Un architecte français, Robert le Ricolais, qui travailla à
l’université de Pennsylvanie, préféra prendre
comme objet d'étude des protozoaires marins, les radiolaires. Le
squelette de ces êtres microscopiques est constitué d’assemblages
de fins spicules. Le motif de ces baguettes de silice est à la
fois complexe et très régulier. Regroupés par des
sortes de “noeuds”, ces spicules constituent des structures
tridimensionnelles élégantes et très solides. Elles
ont été reprises dans de multiples coupoles géodésiques.

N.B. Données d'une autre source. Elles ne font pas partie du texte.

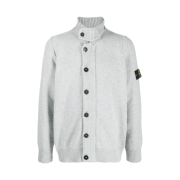 Stone Island 547A3 Lambswool Knit Cardigan Melange Grey - 23FW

Sur un autre plan, les transports ont aussi bénéficié
des études sur le déplacement animal. En observant avec
soin à la fois les morphologies et les anatomies de dauphins, de
requins ou d’oiseaux, nombres d’améliorations ont été
introduites pour favoriser les déplacements dans l’air ou
dans l’eau. Les turbulences ont été limitées,
les moyens de propulsion améliorés et la pénétration
dans les fluides facilitée. Certaines particularités de
la peau de ces animaux ont été reproduites dans le détail
pour favoriser l'hydrodynamisme des sous-marins.
Actuellement, on construit des mécanismes de robotique identique
au fonctionnement des membres des vertébrés ou des invertébrés.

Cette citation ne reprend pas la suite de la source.